#### Work item:
In the entries below, find the line with "Kids Unboxing Rescue" and the line with "Stone Island Logo Hooded Down Jacket - Musk"; copy them and every line between them exactly, but not the pictures.

#### Listed records:
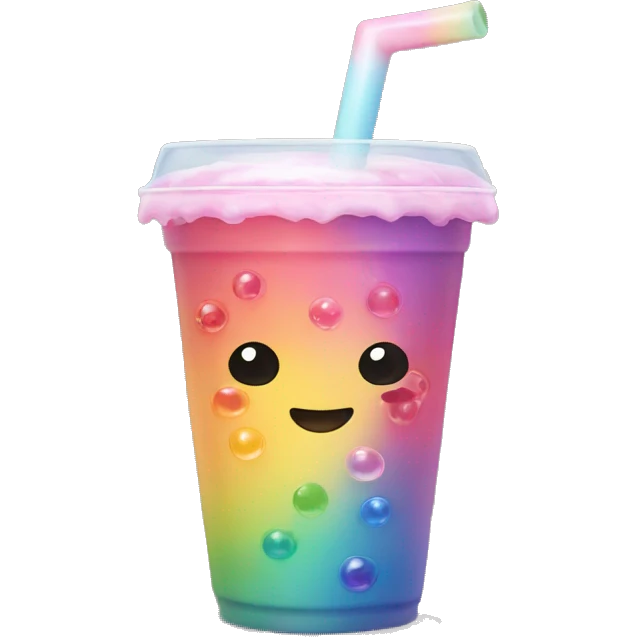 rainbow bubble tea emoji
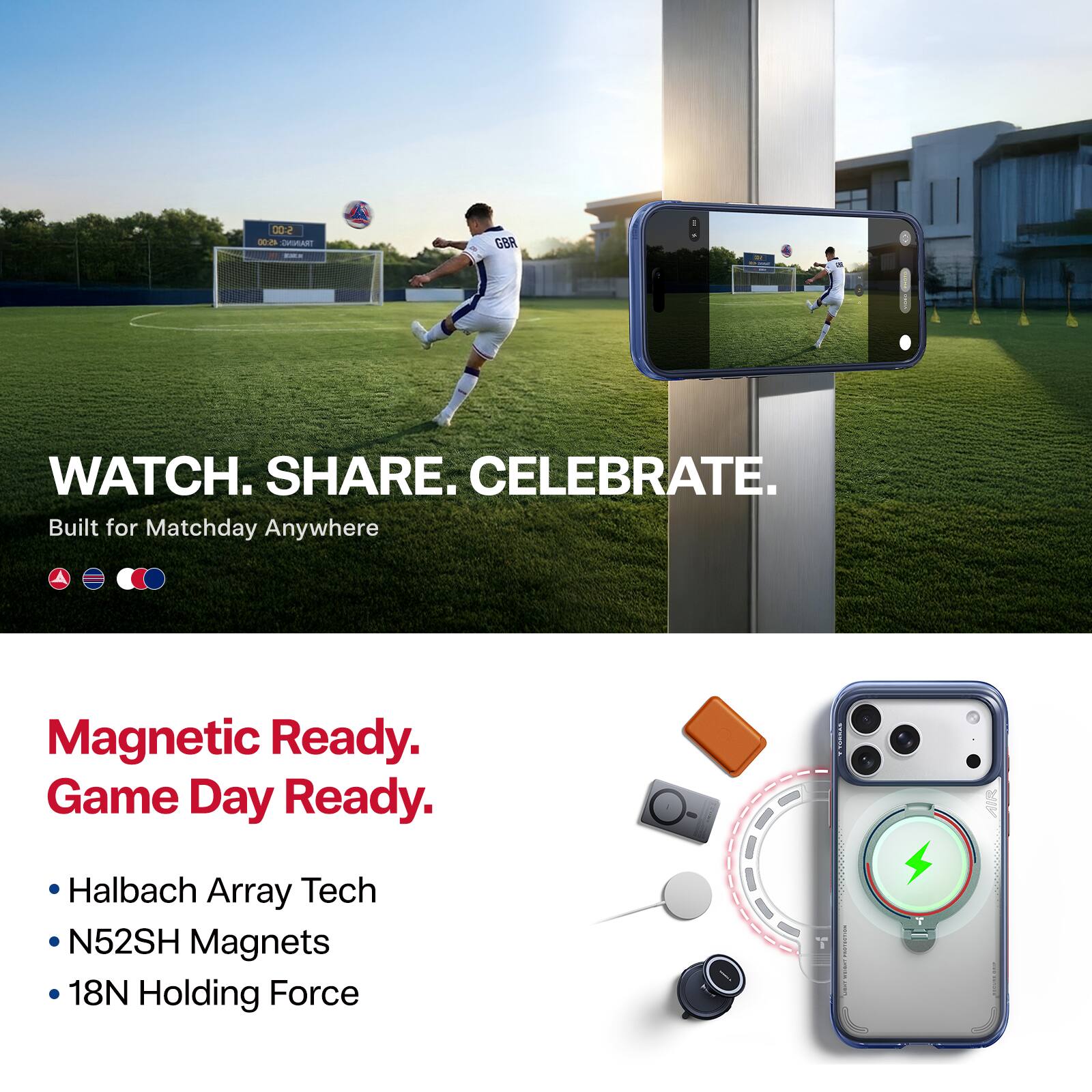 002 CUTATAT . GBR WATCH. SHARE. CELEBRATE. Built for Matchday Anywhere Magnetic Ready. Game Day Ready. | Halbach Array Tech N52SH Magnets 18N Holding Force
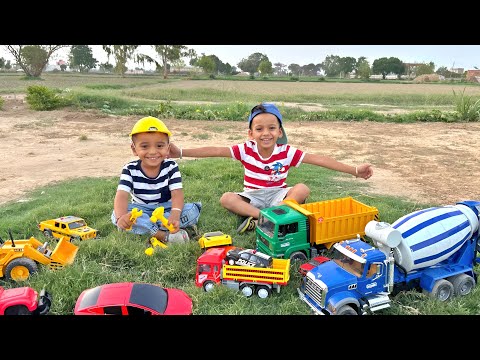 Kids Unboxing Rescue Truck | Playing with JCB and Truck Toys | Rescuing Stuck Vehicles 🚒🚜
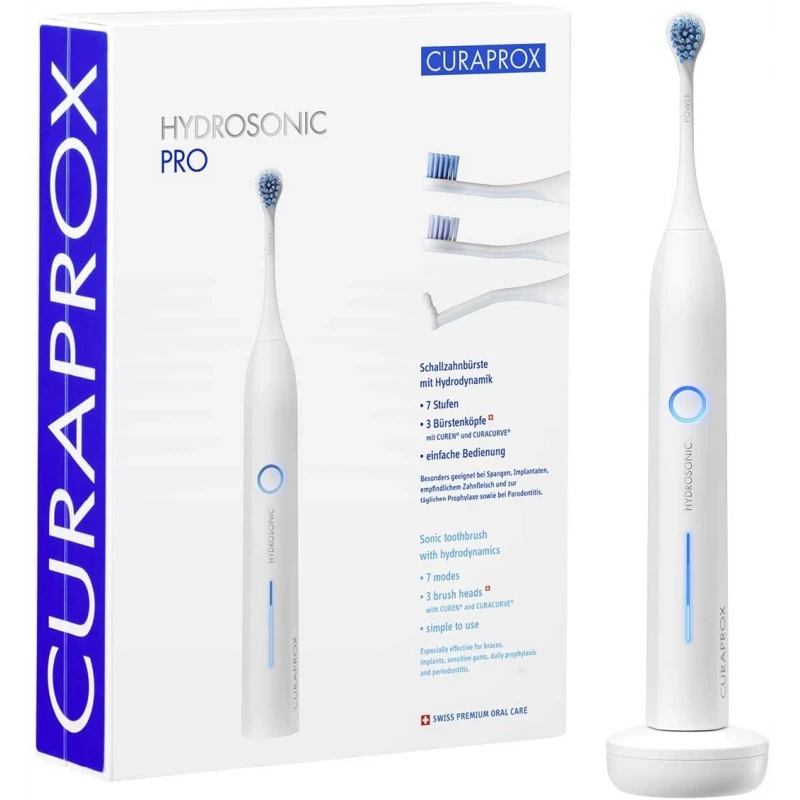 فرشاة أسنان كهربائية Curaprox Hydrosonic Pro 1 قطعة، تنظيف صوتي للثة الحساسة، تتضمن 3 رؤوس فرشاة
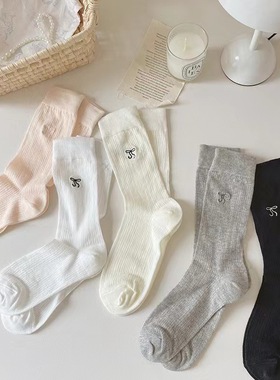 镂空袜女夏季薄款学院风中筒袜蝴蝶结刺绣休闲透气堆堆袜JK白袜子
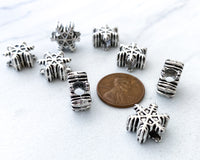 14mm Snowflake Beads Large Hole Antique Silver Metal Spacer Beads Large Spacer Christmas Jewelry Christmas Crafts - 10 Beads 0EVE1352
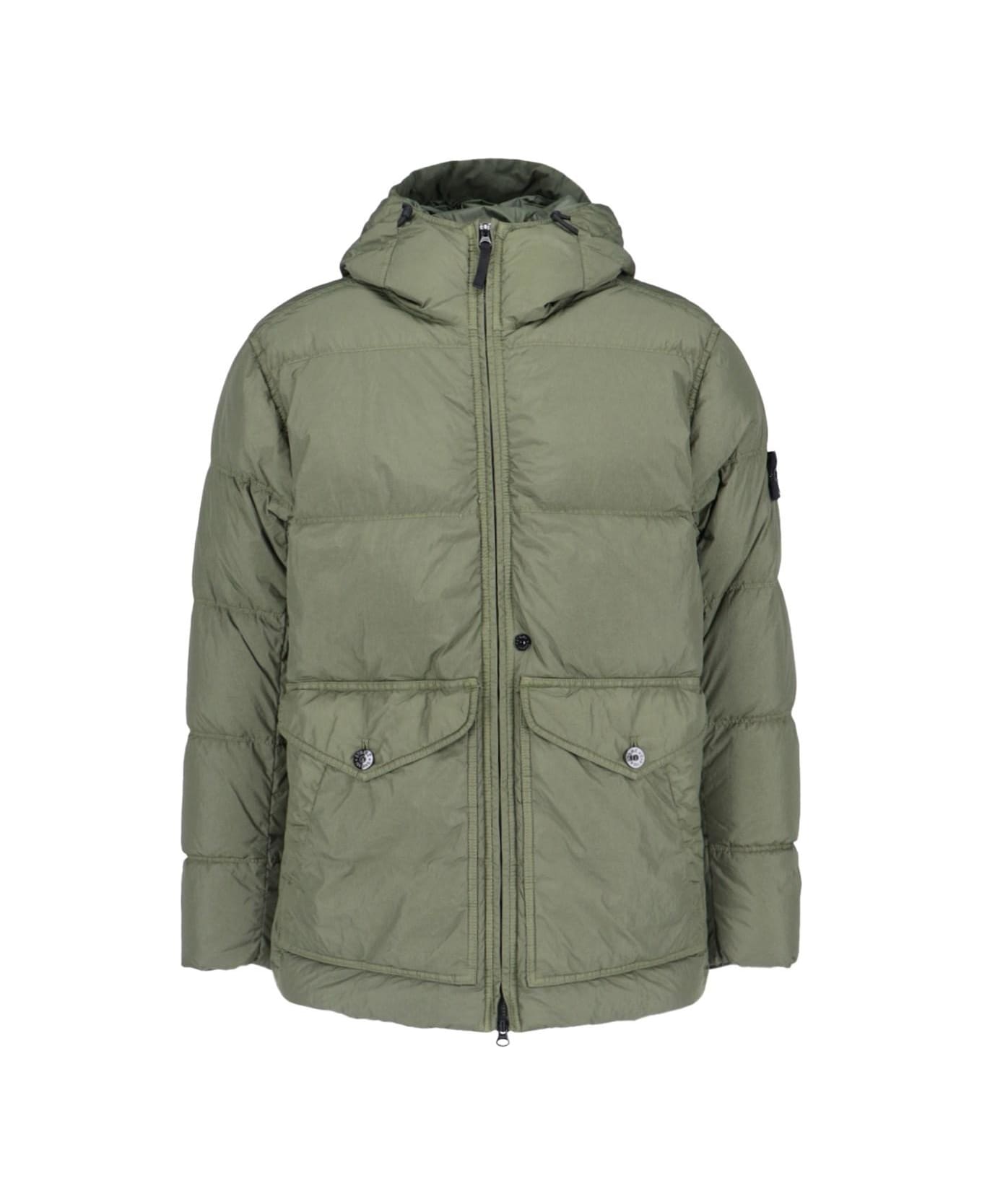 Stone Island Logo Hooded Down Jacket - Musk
---
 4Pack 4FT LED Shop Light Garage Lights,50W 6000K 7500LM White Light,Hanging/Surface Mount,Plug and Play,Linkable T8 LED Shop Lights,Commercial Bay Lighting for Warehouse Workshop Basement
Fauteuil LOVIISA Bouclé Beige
==
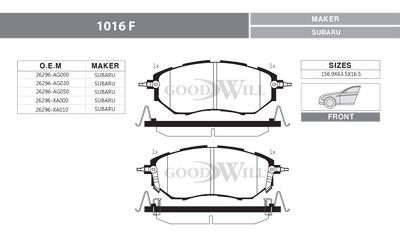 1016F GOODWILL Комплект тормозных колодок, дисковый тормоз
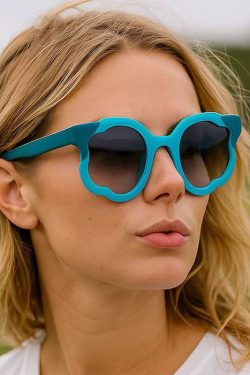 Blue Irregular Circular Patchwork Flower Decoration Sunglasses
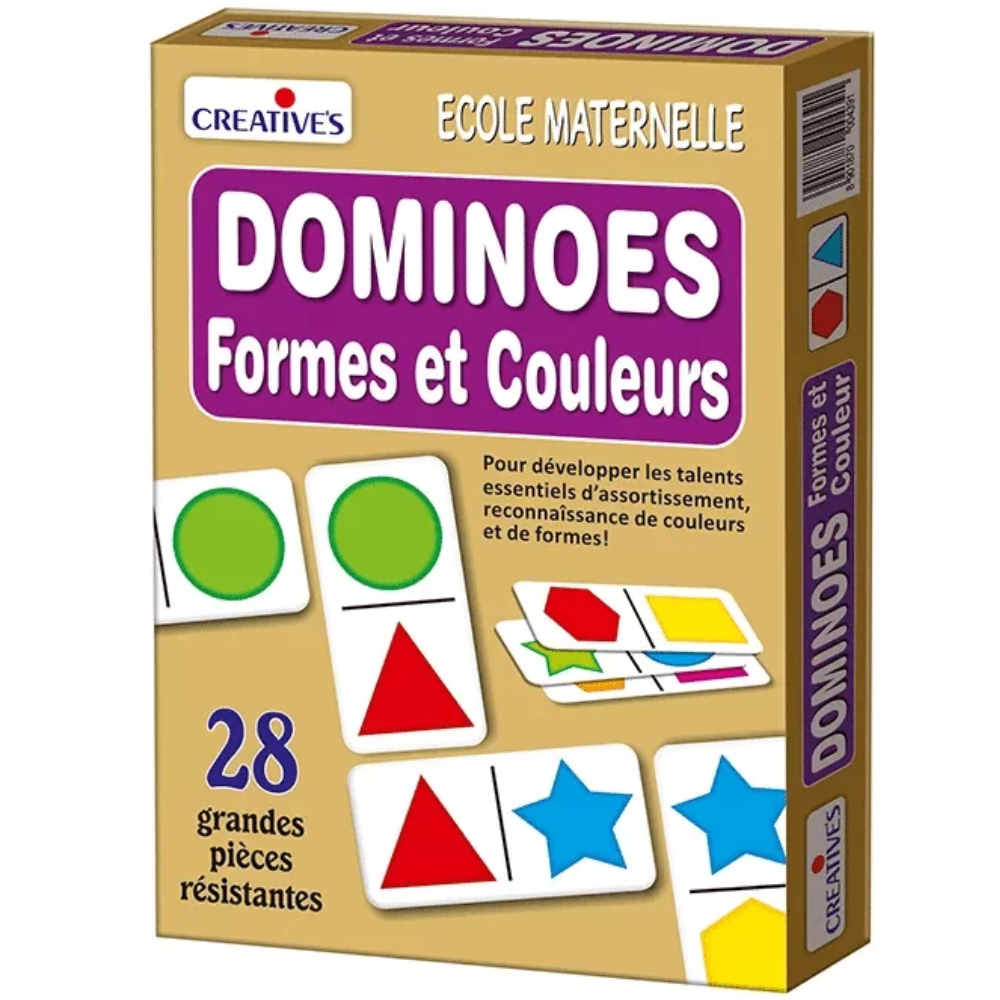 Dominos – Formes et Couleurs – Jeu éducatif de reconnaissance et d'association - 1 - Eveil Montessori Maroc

#### Solution below:
 Kids Unboxing Rescue Truck | Playing with JCB and Truck Toys | Rescuing Stuck Vehicles 🚒🚜
 فرشاة أسنان كهربائية Curaprox Hydrosonic Pro 1 قطعة، تنظيف صوتي للثة الحساسة، تتضمن 3 رؤوس فرشاة
 镂空袜女夏季薄款学院风中筒袜蝴蝶结刺绣休闲透气堆堆袜JK白袜子
 14mm Snowflake Beads Large Hole Antique Silver Metal Spacer Beads Large Spacer Christmas Jewelry Christmas Crafts - 10 Beads 0EVE1352
 Stone Island Logo Hooded Down Jacket - Musk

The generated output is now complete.